■ Problem requirements
Below is a listing; repeat exactly the lines from the one containing "Replacement remote control" to the one containing "Райдужний прапор ЛГБТ", both included.

■ Records to process
----

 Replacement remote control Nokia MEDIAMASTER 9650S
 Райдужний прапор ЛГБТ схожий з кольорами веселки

----

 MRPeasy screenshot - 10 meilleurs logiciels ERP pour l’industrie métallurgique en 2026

----

■ Answer to the problem
 Replacement remote control Nokia MEDIAMASTER 9650S
 Райдужний прапор ЛГБТ схожий з кольорами веселки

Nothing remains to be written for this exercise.